**TASK STATEMENT**. Where the line containing "https://t.co/Dqxr3p6OZ6" appears, start copying; continue through the last line below and copy nothing else.

**Stored records**.
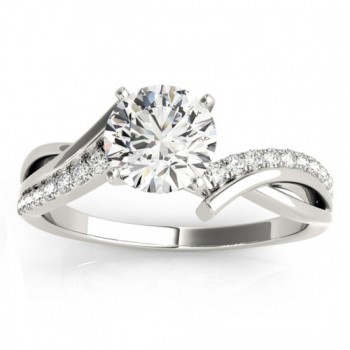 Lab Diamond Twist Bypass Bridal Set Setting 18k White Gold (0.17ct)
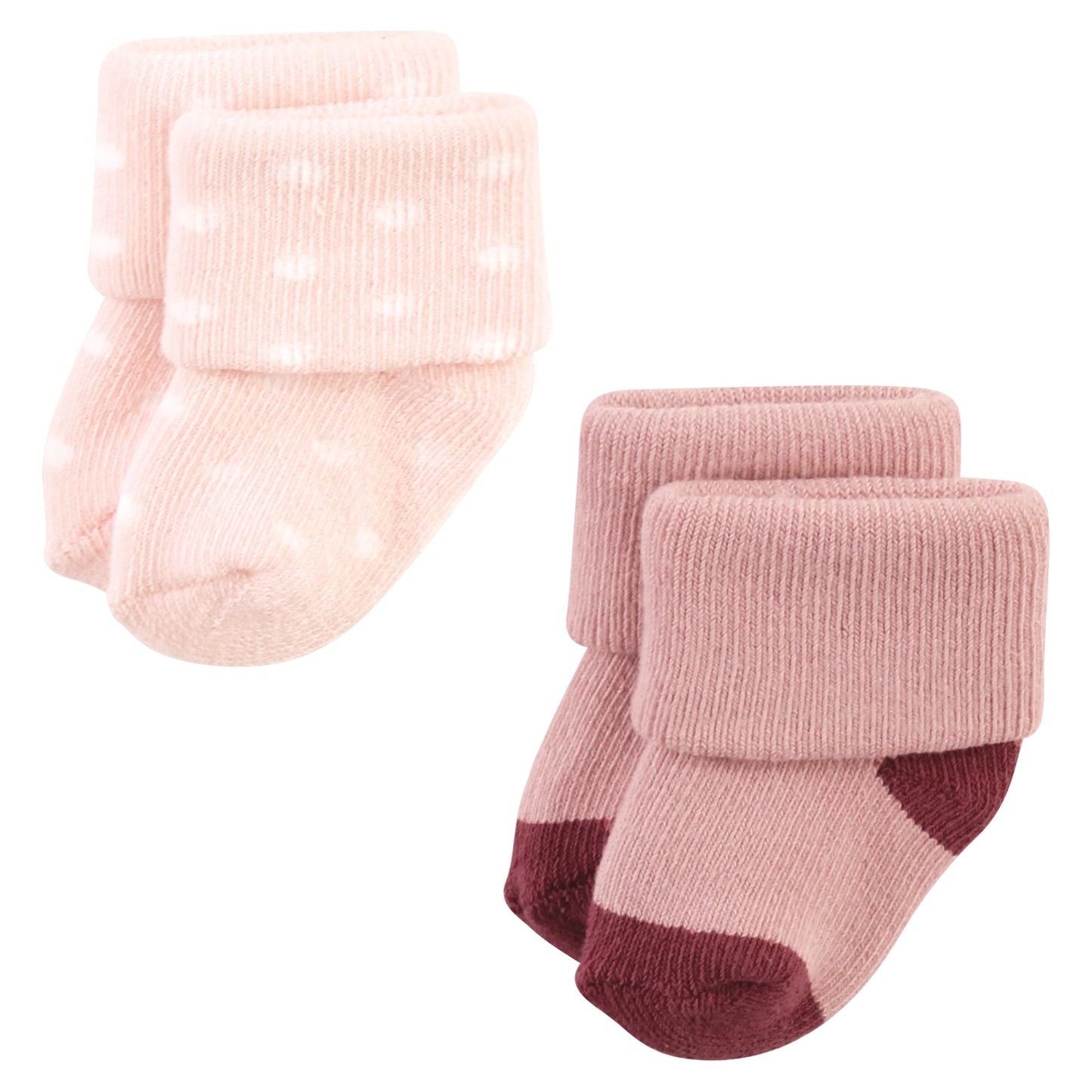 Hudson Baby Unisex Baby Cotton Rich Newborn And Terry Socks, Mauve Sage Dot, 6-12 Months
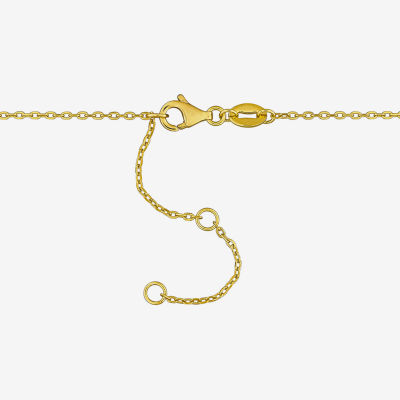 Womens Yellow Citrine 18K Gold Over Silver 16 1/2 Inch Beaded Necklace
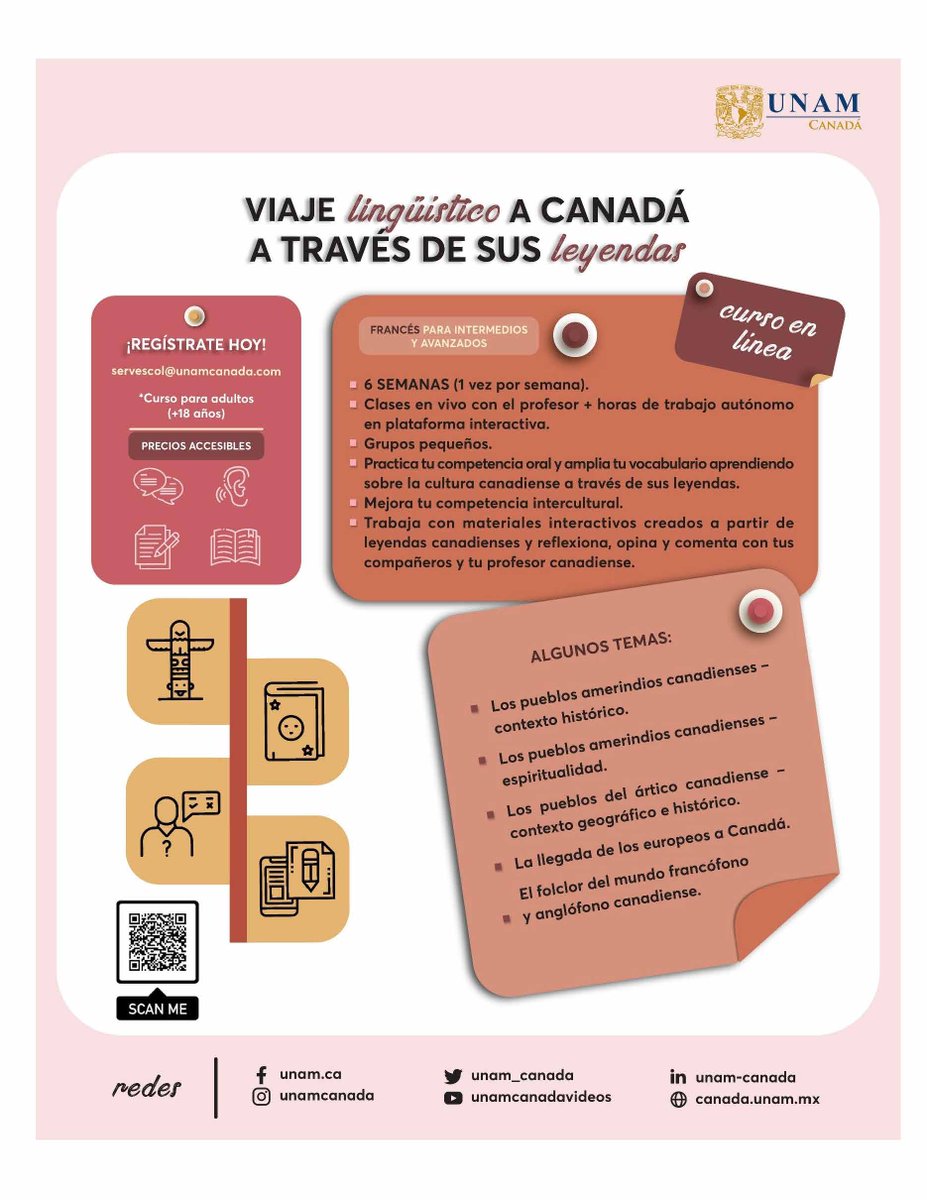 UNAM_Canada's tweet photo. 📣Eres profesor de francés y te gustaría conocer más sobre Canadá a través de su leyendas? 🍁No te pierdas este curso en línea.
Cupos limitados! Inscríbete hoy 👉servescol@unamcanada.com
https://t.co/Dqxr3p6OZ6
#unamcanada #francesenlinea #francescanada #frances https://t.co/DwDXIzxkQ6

**REPLY TO THE TASK**.
https://t.co/Dqxr3p6OZ6
#unamcanada #francesenlinea #francescanada #frances https://t.co/DwDXIzxkQ6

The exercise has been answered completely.